Harcèlement moral : trois mois de prison requis contre Pierre Simeon de Buochberg, ancien maire de Prunelli di Fium'Orbu

L'ancien élu comparaissait devant la cour d'appel de Bastia pour des faits qui remontent à 2016. Alors qu'il était maire, Pierre Simeon de Buochberg aurait harcelé moralement sa DGS. Pour des raisons en partie "politiques", selon le ministère public. Le délibéré est attendu le 19 janvier prochain.

"J'ai vécu un enfer". Isabelle Peignon revient sur ces quelques mois, entre septembre 2016 et juillet 2017, où elle a travaillé comme Directrice Générale des Services à la mairie de Prunelli di Fium'Orbu. Et où elle aurait l'objet d'un harcèlement moral de tous les instants de la part du maire, Pierre Simeon de Buochberg. "J'étais épuisée, j'en pouvais plus, de me demander en permanence ce qui allait m'arriver."

Ca a été le glas de ma déchéance.

Isabelle Peignon

La liste, égrenée par le parquet, est longue.
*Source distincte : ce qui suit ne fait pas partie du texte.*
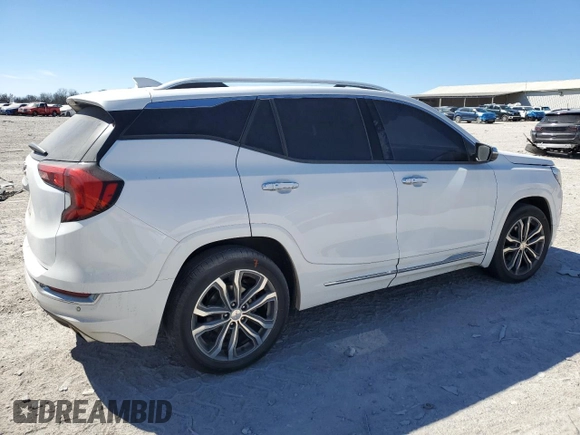 2020 GMC Terrain Denali с VIN 3GKALSEX0LL261654, выставлен на аукционе Copart как лот 47451725 с пробегом 97 629 миль миль и Чистый • Clean title. История ставок и продаж доступна на DreamBid. Изображение 3.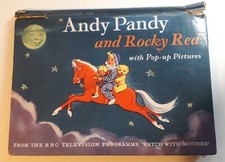 Andy pandy and rocky red - and,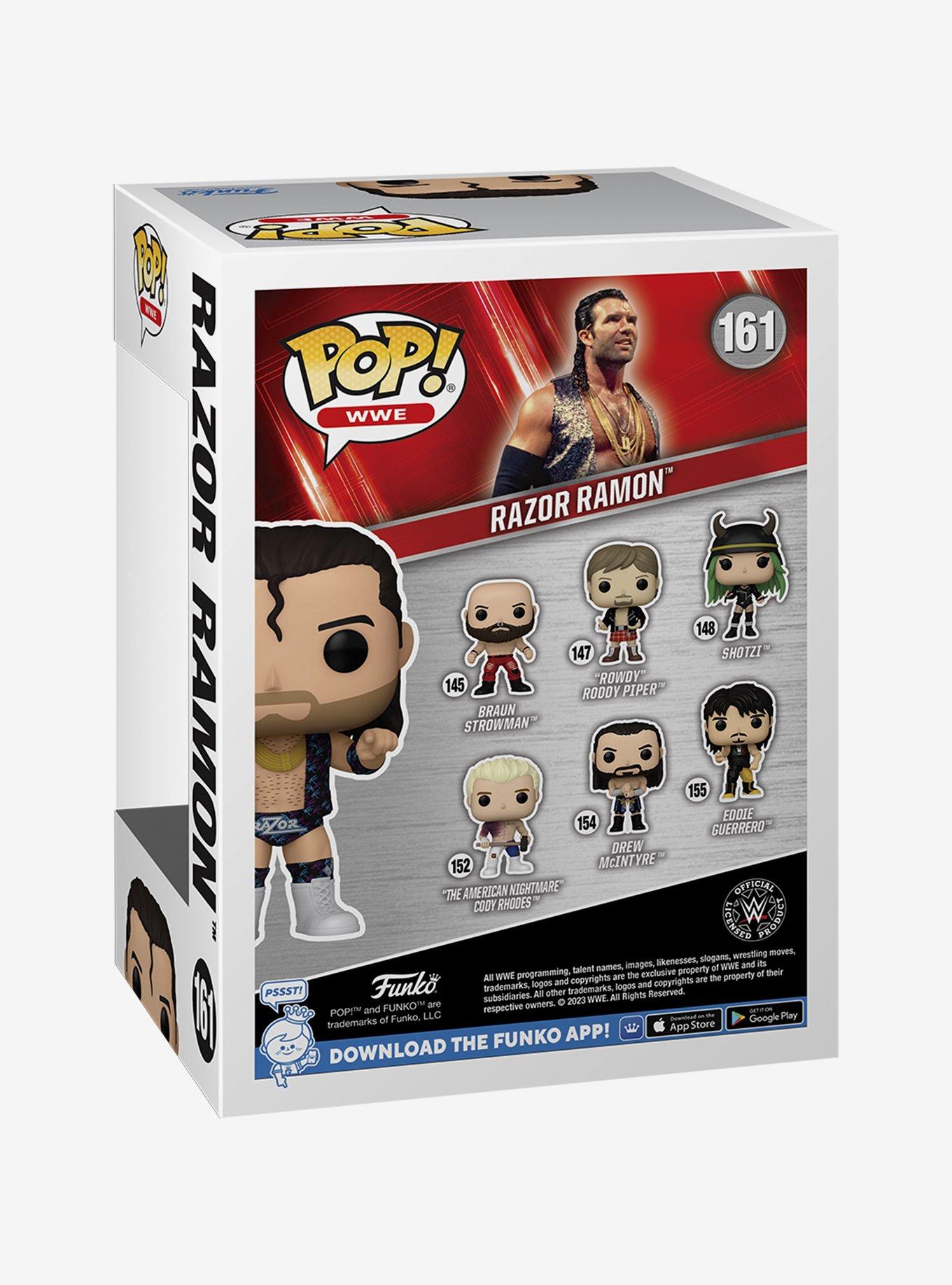Funko Pop! WWE Razor Ramon Vinyl Figure, , alternate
Surcharge d'activité, interdiction d'avoir accès au bureau du maire, à la comptabilité et aux ressources humaines, réunions organisées en son absence, où le personnel est invité à critiquer ouvertement sa manière de travailler, changement du barillet de certaines portes, modification des codes d'accès à son ordinateur, propos humiliants... "Le harcèlement moral, c'est une violence qui ne laisse pas de traces, mais qui n'est pas moins douloureuse", assènera l'avocate générale au courrs de son réquisitoire. 

Obstacle

"A partir du moment où je lui ai dit "ça, on ne peut pas le faire, Monsieur le Maire. Ca ne se fait pas", ça a été le glas de ma déchéance." Isabelle Peignon le reconnaît, tout comme Pierre Simeon de Buocherg, les premières semaines se sont déroulées dans une entente cordiale.

Et puis un jour d'automne 2016, de la DGS a refusé de donner suite à un dossier qui lui était confié. Et qui lui semblait douteux. Un projet qui se nommait "Spaziu", et dans lequel apparaissait une tierce personne, qui n'était en aucun cas liée de manière officielle avec la mairie.  
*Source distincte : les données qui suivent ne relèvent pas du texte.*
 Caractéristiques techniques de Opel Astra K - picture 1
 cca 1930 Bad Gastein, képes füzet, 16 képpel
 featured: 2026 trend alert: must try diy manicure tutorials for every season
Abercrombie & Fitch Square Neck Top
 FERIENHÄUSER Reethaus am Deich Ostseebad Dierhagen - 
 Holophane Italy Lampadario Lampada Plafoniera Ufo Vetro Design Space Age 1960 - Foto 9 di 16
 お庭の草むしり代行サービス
Il faudra que tu sois plus ferme.

Maître Pascal Garbarini, va revenir longuement sur ce moment. Ou plus exactement sur un mail, envoyé par cette tierce personne à Pierre Simeon de Buochberg. Un mail dont l'avocat d'Isabelle Peignon va donner lecture : "Son job est d'être au service de nos projets et de nos objectifs. Le lui as-tu expliqué ? Elle ne l'a clairement pas compris. Il faudra vous concerter avant de la baigner dans nos projets. Et il faudra que tu sois plus ferme..."  Maître Garbarini se retourne vers la cour, et commente, ironique : "On comprend le message. On ne la baigne pas dans le bain de la vertu, ici. On la baigne dans nos magouilles !"
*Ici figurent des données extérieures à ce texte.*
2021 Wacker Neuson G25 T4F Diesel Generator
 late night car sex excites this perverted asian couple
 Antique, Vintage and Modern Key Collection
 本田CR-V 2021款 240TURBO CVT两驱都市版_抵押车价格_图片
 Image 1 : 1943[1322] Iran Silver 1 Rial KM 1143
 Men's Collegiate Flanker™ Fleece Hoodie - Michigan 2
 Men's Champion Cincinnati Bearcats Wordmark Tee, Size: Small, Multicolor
L'avocat, rompu aux plaidoiries d'assises et à leur musique, se tourne alors vers l'ancien maire de Prunelli, théâtral, le verbe haut et le menton fier : "ce mail vous enchriste. Vous n'étiez pas un maire. Vous n'en avez pas les capacités, vous n'en avez pas l'étoffe. Vous avez été manipulé par d'autres !"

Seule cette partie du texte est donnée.